Imagen 12. Sistema de reparación por unión de extremos no homólogos. Tomado de Tomado de Alberts B. et al. (2015).

Reparación por recombinación homóloga

Este sistema de reparación, al igual que el de unión por extremos no homólogos, repara daños por ruptura de la doble cadena. Es un mecanismo de reparación muy versátil y sucede únicamente durante la fase S del ciclo celular. Lo anterior debido a que se requiere la presencia de una cadena de ADN homóloga, la cual sirve como plantilla, para poder llevar a cabo la reparación. En este sistema se forman apareamientos de bases y aunque no deben ser perfectos, si se requiere que sean lo suficientemente similares las secuencias para que se lleve a cabo el proceso. Para conocer a detalle el mecanismo, te invito a que visualices el siguiente video titulado DNA Damage can Stall the Cell Cycle.

A modo de resumen de los sistemas de reparación, te invito a que revises el siguiente video, en el cual se abordan los sistemas de reparación más importantes

Conclusión

En resumen, en esta clase vimos el concepto de mutación, los diferentes tipos de mutaciones que pueden suceder y cómo estas afectan a la secuencia de la proteína e incluso a la función del gen.

También se abordaron los sistemas de reparación que existen, precisamente para evitar y disminuir la presencia de mutaciones y de esta manera mantener la integridad del genoma de la célula. Como se vió, algunos sistemas reparan el daño directamente sobre la base, sin necesidad de removerla, mientras que otros requieren que se remueva completamente el nucleótido o los nucleótidos dañados.

El daño más severo que puede sufrir la molécula de ADN es la ruptura de la doble cadena. Al ser uno de los daños más letales debe ser reparado. Los sistemas que se encargan de ello son el de unión de extremos no homólogos y la recombinación homóloga. El primero no necesita un molde para llevar a cabo la reparación, mientras que el segundo requiere la presencia de una cadena homóloga. Cabe señalar que ninguno de estos mecanismos de reparación esta excento de errores y aunque existe la posibilidad de que se generen errores al momento de la reparación, estos se justifican con el hecho de que si no se repara la ruptura, la célula puede morir.

Hasta aquí terminamos con el conocimiento de los conceptos teóricos que te servirán de base para entender el fundamento de las diferentes técnicas de biología molecular de utilidad en el laboratorio. Hemos llegado al final de la clase, me siento muy felíz de que hayas llegado hasta aquí.

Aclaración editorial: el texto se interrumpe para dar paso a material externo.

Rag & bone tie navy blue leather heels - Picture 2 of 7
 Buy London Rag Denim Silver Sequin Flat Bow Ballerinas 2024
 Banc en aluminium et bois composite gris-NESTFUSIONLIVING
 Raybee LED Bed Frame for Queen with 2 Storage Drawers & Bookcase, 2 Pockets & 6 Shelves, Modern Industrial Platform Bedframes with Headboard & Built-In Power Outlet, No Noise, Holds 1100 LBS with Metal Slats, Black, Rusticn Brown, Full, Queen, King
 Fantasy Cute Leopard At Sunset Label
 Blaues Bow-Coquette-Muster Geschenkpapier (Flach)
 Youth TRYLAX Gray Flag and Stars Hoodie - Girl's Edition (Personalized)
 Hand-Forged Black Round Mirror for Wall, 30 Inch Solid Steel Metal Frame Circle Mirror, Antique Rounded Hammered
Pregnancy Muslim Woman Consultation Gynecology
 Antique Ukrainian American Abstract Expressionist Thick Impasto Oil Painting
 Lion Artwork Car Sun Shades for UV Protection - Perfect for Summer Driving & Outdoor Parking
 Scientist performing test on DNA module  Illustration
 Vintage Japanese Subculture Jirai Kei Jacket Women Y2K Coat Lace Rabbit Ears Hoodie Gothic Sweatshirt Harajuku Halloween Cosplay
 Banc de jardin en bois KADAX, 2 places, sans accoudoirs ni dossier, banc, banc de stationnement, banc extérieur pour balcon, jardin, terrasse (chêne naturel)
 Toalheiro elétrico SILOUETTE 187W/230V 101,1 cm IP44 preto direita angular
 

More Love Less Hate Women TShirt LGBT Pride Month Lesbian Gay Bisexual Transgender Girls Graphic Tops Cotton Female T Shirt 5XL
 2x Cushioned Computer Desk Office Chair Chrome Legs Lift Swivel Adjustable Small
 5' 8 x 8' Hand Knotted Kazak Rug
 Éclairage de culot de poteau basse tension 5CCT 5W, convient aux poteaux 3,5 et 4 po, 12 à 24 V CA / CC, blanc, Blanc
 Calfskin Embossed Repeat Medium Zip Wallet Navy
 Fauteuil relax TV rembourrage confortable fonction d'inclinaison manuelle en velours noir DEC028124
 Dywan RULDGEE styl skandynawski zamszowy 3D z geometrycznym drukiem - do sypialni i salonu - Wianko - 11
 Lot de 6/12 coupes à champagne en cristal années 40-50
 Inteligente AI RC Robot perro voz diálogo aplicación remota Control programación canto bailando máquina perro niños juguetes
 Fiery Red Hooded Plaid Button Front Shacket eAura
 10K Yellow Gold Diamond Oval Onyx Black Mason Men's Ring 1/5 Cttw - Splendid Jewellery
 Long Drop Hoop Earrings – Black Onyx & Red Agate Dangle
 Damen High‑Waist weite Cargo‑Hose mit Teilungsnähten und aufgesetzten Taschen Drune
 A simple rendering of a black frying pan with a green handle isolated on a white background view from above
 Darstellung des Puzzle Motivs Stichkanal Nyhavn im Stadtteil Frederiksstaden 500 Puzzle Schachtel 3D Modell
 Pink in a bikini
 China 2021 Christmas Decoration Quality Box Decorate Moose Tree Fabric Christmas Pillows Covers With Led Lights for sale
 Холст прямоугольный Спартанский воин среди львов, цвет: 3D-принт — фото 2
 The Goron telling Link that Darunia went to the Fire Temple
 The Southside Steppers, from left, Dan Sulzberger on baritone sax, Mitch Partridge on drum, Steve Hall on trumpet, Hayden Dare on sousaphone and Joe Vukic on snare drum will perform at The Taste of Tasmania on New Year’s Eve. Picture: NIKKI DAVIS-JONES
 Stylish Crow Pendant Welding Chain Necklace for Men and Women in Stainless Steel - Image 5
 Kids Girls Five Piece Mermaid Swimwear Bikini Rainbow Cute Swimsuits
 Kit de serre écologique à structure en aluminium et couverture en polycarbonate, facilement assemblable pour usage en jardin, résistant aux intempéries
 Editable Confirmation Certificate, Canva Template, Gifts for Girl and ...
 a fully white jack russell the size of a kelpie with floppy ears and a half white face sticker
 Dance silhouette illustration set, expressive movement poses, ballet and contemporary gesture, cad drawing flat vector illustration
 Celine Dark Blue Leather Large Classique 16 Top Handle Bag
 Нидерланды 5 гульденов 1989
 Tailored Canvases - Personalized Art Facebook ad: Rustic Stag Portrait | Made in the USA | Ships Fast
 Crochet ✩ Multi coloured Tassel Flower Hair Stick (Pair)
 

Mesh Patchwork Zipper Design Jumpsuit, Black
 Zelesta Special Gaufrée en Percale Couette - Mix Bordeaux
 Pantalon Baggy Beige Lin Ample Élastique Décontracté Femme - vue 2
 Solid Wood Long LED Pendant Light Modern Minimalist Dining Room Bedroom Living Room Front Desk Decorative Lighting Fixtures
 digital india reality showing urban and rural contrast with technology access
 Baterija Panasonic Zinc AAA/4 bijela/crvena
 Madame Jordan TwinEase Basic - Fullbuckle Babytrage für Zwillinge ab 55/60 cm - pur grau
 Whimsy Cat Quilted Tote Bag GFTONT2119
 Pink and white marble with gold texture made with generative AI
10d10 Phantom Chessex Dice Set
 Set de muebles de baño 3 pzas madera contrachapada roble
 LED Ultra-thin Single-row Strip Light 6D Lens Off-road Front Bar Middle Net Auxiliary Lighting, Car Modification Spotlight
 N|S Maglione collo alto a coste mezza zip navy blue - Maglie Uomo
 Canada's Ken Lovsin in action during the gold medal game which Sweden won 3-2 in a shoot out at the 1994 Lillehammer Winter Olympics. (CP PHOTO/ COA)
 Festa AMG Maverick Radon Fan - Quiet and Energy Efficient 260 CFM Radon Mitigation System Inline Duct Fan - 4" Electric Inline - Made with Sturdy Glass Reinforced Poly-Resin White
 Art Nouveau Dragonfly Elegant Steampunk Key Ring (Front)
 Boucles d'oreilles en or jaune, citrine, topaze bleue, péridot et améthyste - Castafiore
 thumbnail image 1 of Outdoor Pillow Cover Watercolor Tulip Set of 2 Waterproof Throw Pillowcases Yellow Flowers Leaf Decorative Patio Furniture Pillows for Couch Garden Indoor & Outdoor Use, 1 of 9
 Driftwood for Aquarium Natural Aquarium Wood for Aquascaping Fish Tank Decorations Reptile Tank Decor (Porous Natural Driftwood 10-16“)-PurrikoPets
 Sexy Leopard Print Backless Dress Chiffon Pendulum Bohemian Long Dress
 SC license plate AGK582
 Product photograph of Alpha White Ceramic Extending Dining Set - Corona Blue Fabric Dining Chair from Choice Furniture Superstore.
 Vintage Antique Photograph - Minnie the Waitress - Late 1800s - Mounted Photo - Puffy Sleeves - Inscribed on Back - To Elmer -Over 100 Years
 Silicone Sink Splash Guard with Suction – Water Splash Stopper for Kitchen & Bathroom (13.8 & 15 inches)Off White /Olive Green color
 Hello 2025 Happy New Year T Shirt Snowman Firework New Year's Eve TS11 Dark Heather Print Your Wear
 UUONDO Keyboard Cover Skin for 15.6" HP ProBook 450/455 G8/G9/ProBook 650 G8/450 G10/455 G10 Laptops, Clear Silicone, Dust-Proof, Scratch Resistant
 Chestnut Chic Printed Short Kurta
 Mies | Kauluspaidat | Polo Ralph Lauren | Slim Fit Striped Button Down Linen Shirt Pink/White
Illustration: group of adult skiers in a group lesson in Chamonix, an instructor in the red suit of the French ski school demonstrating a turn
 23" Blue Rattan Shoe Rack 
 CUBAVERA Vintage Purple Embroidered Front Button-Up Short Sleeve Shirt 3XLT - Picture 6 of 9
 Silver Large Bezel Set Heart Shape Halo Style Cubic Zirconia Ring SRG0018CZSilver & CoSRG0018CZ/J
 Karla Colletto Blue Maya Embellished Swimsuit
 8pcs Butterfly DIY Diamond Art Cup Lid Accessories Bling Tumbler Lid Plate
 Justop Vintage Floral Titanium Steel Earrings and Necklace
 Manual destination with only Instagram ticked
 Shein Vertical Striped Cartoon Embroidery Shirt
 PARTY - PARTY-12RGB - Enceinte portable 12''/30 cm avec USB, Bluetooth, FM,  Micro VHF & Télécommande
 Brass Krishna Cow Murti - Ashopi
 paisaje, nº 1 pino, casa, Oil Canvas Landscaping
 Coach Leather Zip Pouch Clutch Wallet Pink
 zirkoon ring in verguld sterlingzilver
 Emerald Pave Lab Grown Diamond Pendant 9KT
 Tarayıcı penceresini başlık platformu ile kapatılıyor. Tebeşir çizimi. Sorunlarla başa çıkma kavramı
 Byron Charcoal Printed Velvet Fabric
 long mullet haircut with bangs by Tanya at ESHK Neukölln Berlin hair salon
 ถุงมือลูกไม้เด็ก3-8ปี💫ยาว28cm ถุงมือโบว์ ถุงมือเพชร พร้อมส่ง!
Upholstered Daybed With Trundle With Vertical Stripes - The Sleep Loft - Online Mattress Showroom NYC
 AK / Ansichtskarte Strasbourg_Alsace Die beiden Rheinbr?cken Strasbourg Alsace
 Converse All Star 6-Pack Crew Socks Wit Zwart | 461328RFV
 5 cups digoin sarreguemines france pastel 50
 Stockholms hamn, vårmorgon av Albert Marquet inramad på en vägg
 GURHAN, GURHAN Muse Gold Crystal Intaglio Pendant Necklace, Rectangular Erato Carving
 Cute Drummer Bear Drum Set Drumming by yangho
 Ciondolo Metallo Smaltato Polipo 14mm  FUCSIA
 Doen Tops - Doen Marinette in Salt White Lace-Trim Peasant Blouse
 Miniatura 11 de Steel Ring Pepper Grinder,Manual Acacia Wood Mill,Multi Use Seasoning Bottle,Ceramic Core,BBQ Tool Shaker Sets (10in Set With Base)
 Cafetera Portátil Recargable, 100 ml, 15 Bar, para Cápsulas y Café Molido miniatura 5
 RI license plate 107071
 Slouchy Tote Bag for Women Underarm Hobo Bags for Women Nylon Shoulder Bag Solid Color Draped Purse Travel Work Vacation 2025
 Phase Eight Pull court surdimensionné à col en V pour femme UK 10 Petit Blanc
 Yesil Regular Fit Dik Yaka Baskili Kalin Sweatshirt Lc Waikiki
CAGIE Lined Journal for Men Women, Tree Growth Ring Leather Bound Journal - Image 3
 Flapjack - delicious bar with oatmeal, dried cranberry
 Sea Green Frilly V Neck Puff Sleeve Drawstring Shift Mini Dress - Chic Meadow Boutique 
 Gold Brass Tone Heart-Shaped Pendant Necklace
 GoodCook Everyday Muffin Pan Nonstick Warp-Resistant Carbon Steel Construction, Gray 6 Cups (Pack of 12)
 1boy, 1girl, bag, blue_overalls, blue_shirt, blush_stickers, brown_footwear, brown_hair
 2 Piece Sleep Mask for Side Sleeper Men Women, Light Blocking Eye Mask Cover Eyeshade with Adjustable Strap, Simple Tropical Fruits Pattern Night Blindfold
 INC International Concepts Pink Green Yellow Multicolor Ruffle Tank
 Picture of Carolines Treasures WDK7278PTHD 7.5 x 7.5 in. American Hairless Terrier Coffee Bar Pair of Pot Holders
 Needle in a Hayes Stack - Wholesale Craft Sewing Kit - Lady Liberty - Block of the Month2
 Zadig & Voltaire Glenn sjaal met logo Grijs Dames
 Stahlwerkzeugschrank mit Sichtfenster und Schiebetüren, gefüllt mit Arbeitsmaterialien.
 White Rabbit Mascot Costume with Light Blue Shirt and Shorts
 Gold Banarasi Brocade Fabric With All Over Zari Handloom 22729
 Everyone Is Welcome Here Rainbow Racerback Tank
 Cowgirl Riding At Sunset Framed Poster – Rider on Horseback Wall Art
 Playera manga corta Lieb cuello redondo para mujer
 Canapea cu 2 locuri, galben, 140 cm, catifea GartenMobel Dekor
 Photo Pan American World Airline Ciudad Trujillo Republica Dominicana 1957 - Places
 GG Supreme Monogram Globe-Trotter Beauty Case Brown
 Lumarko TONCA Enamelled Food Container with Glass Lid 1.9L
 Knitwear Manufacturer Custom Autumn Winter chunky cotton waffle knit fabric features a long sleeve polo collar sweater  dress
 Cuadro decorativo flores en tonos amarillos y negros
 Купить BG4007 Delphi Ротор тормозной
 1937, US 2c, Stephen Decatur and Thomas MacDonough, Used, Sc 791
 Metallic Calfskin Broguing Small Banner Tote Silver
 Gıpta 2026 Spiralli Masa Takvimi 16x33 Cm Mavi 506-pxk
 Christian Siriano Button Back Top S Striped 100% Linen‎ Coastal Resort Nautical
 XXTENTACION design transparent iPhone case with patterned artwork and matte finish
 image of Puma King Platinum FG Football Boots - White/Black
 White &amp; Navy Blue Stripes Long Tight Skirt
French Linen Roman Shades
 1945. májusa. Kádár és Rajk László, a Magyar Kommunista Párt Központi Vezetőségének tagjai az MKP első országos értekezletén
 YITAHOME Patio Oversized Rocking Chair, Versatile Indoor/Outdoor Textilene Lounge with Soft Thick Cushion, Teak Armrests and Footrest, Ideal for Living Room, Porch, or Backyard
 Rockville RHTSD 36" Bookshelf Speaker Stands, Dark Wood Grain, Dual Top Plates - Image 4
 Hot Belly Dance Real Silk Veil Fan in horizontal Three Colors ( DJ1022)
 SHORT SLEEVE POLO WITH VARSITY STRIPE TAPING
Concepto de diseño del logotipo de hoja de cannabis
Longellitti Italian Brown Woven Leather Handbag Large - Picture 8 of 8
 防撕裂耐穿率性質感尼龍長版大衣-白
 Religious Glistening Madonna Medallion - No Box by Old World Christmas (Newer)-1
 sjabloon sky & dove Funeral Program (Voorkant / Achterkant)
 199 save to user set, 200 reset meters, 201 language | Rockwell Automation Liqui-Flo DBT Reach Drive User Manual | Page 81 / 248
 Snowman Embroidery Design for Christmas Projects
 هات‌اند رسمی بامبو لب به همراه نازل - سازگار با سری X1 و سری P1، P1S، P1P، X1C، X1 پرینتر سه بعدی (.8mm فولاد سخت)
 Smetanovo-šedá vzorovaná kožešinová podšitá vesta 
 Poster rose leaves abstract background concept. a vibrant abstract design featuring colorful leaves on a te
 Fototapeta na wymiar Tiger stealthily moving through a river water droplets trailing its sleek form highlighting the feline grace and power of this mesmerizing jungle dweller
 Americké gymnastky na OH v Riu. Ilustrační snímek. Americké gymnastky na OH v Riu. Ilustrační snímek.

¡Te felicito, tienes una gran voluntad! Para cerrar la clase te invito a realizar la tarea asignada y mandarla como corresponde. Te espero en la próxima sesión, en la que comenzaremos con la descripción de las técnicas que se utilizan en Biología Molecular, hasta entonces.

Fuentes de información

  • Salazar M.A.M., Sandoval R.A.S. y Almendáriz B.J.S. (2016). Biología Molecular. Fundamentos y aplicaciones en las ciencias de la salud. (2a ed.). McGraw Hill
  • Nelson D.L. and Cox M.M. (2017). Lehninger Principles of Biochemistry. (7a ed.). W. H. Freeman.
  • Alberts B. et al. (2015). Molecular Biology of the cell. Garland Science.